Daniel
Gibney,
Department
of
Computer
Science
University
of
Central
Florida
First introduced in 1994, the Burrows-Wheeler Transform (BWT) went on to provide the backbone for the first encoding of the classic suffix tree data structure in space close to the entropy-based lower bound. Within the last decade, it has seen its role further enhanced with the development of suffix trees in space proportional to “r”, the number of runs in the BWT of the text. Moreover, r is appearing increasingly often in the time complexity of new algorithms, making having the smallest value of r of great importance. Unlike other popular measures of compression, the parameter r is sensitive to the lexicographic ordering given to the text’s alphabet. Despite several past attempts, a provably efficient algorithm for finding an optimal alphabet ordering minimizing r has been an open problem for many years.

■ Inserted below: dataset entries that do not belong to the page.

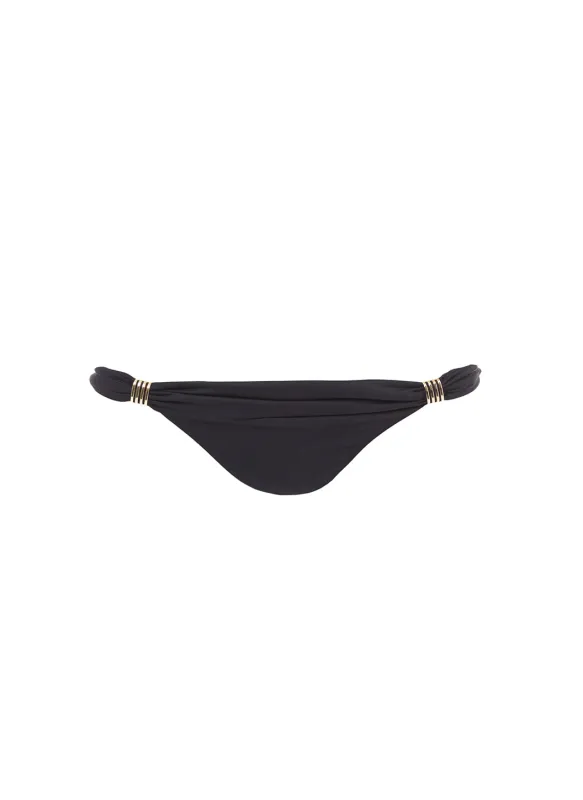 Grenada Black Bikini Bottom sold by Melissa Odabash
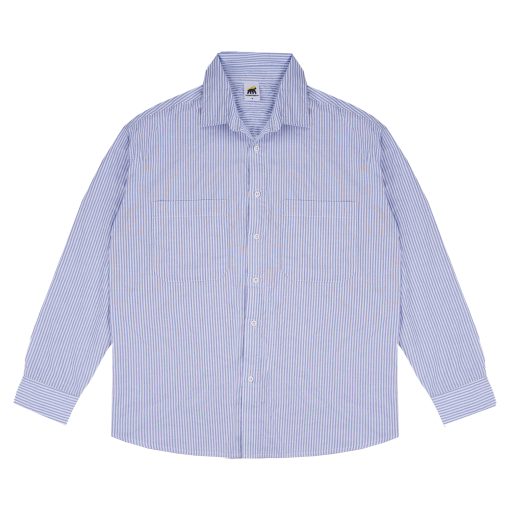 House of Smith Kemeja Pria - Up Stripe Oversized Shirt - Oversize Long Shirts
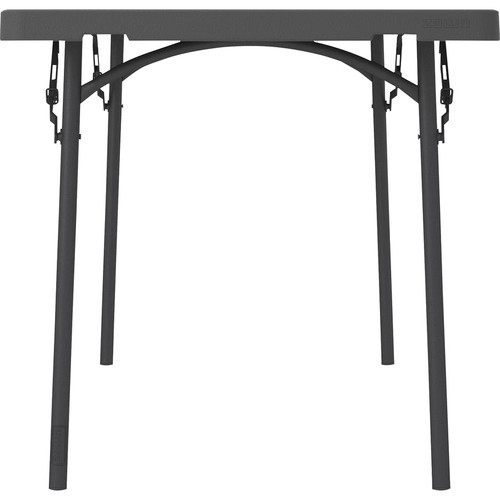 Dorel Zown Corner Blow Mold Large Folding Table - 4 Legs - 800 lb Capacity x 72" Table Top Width x (CSC60526SGY1E)
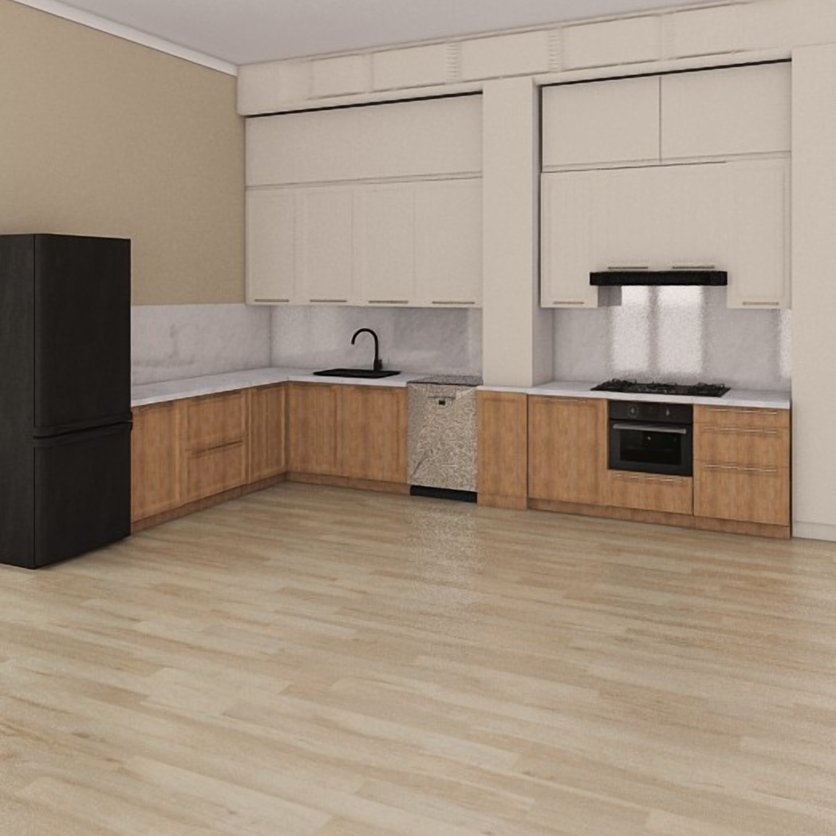 keuken in Mid-centurystijl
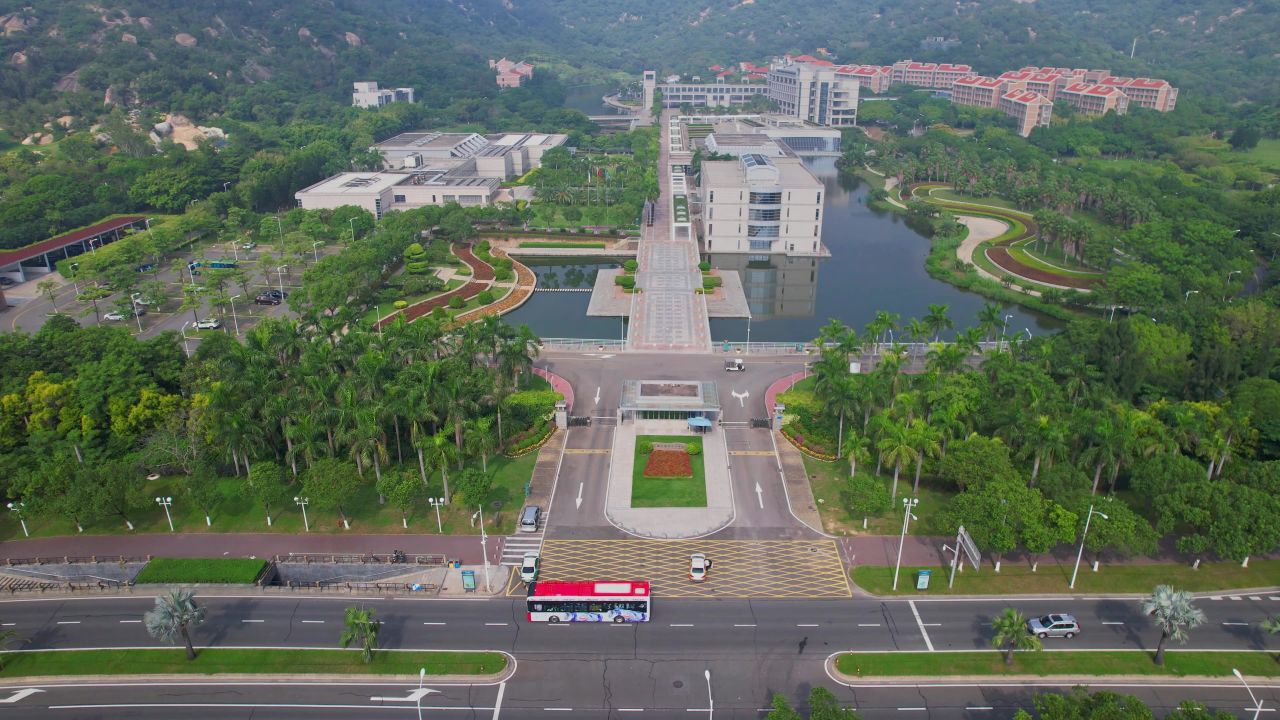 航拍厦门国家会计学院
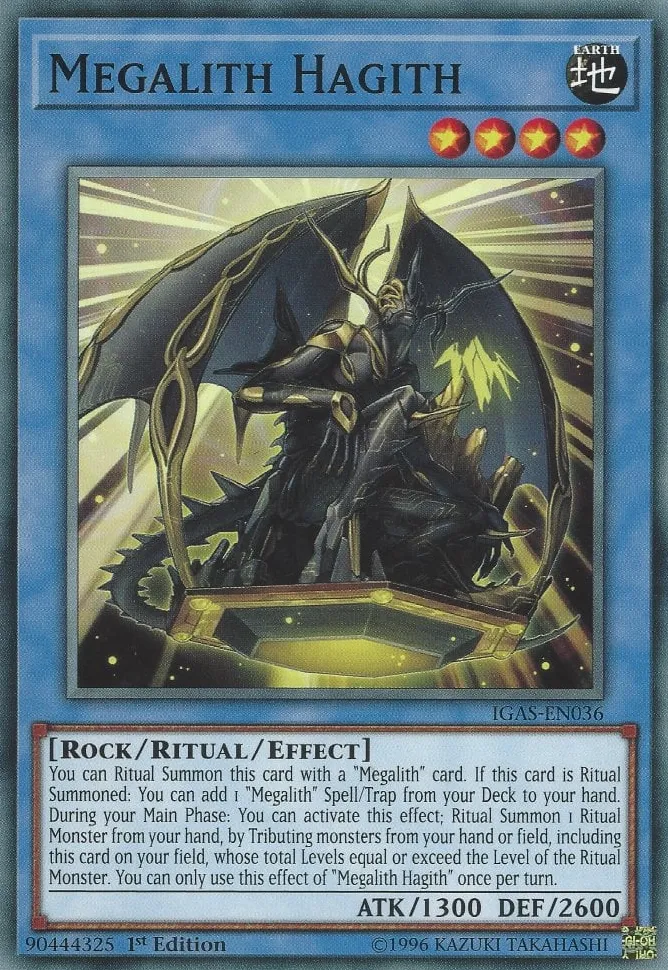 Megalith Hagith — Ignition Assault — Yu-Gi-Oh!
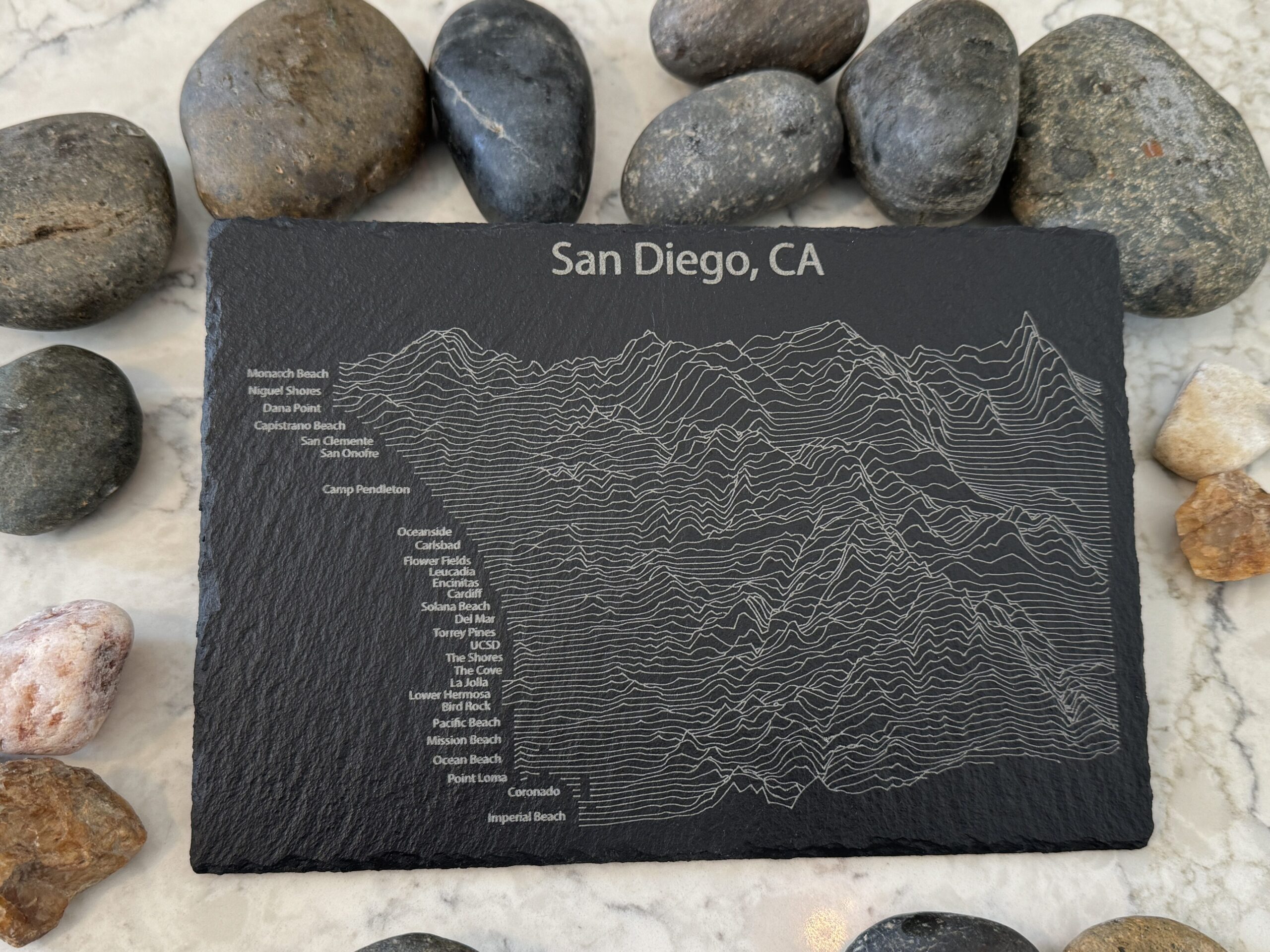 San Diego Hill Lines by Encinitas3D.com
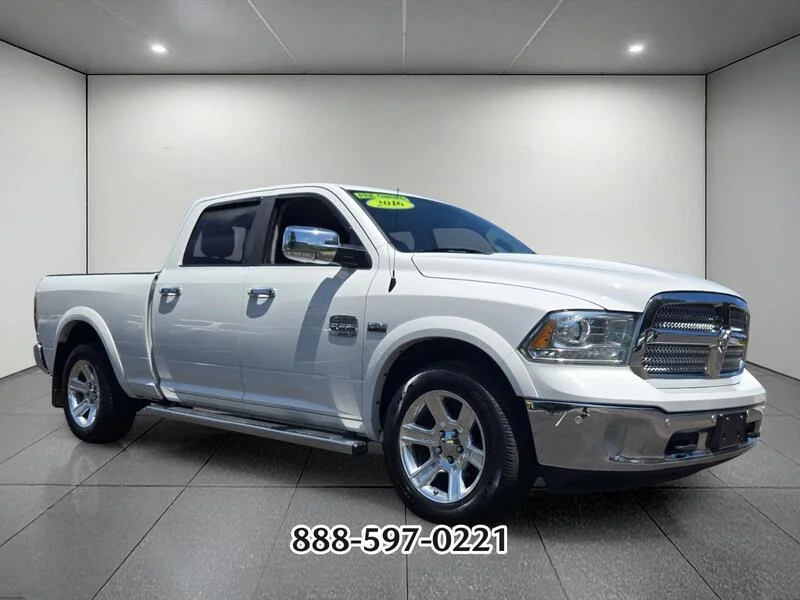 Used 2016 Bright White Clearcoat RAM LARAMIE LONGHORN image 7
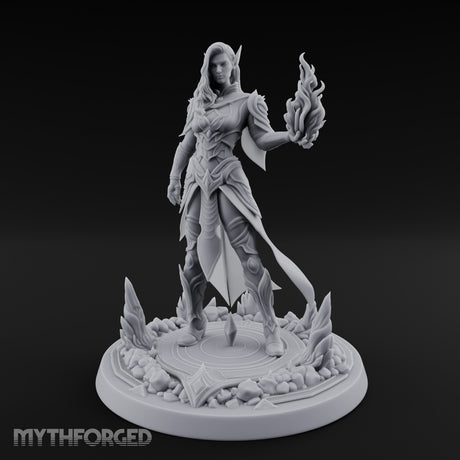 Flame Conjuring Armoured Elf Sorceress gallery 18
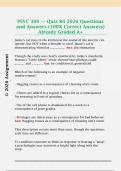 PSYC 300 &mdash; Quiz B4 2026 Questions  and Answers &lpar;100&percnt; Correct Answers&rpar;  Already Graded A&plus;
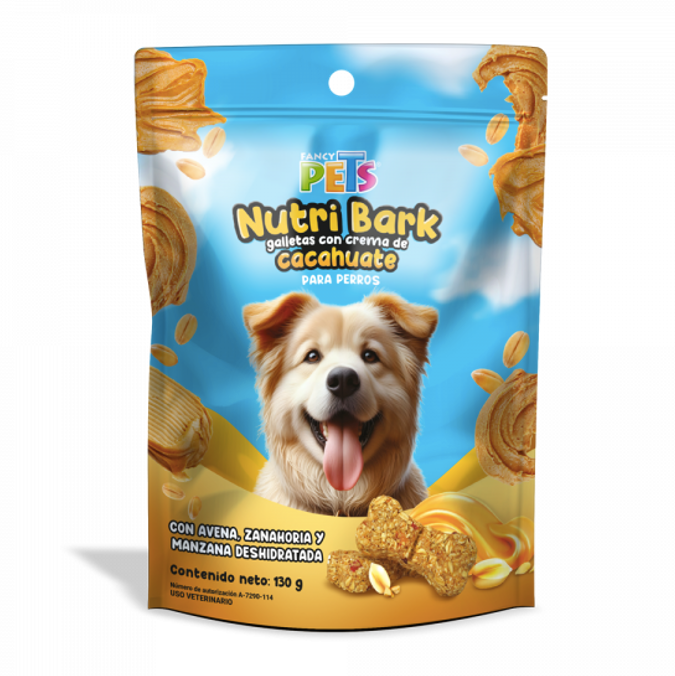 Nutri Bark Galletas Con Crema de Cacahuate 130 gr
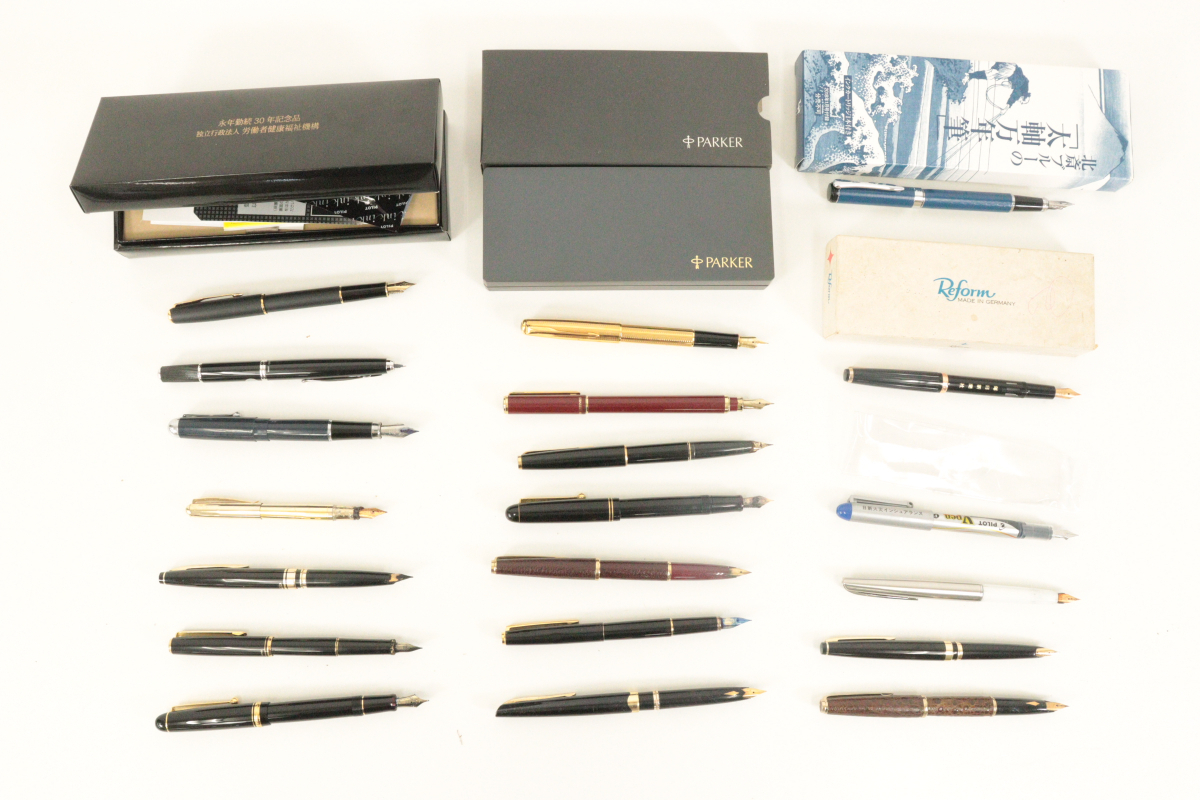 ★【18K刻印含む】萬(wàn)年筆 ボールペンまとめ PILOT PARKER valentinogaravani 文房具 筆記用具 コレクション アンティーク_BIR_C0613-I012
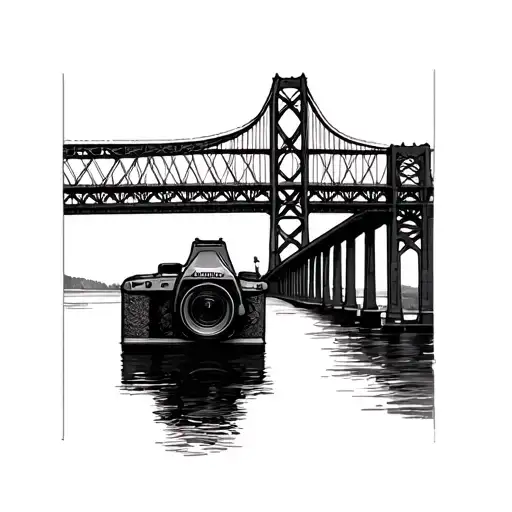 Camera Worked In With The Confederation Bridge Connecting Two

We help to explain this lack of progress by presenting the first set of results on the computational complexity of minimizing BWT-runs via alphabet reordering. We prove that the decision version of this problem is NP-complete and cannot be solved in time (2^o(σ))n unless the Exponential Time Hypothesis fails, where σ is the size of the alphabet. Additionally, we provide an efficient algorithm for the more restricted problem of finding an optimal ordering on a subset of symbols (occurring only once) under ordering constraints. The algorithm runs in optimal time for small values of σ. We also look at a version of the problem on the newly discovered class of graphs with BWT like properties called Wheeler graphs. Here also we show NP-hardness results on a related problem which we call Source Ordering.
This is joint work with Jason Bentley and Sharma V. Thankachan.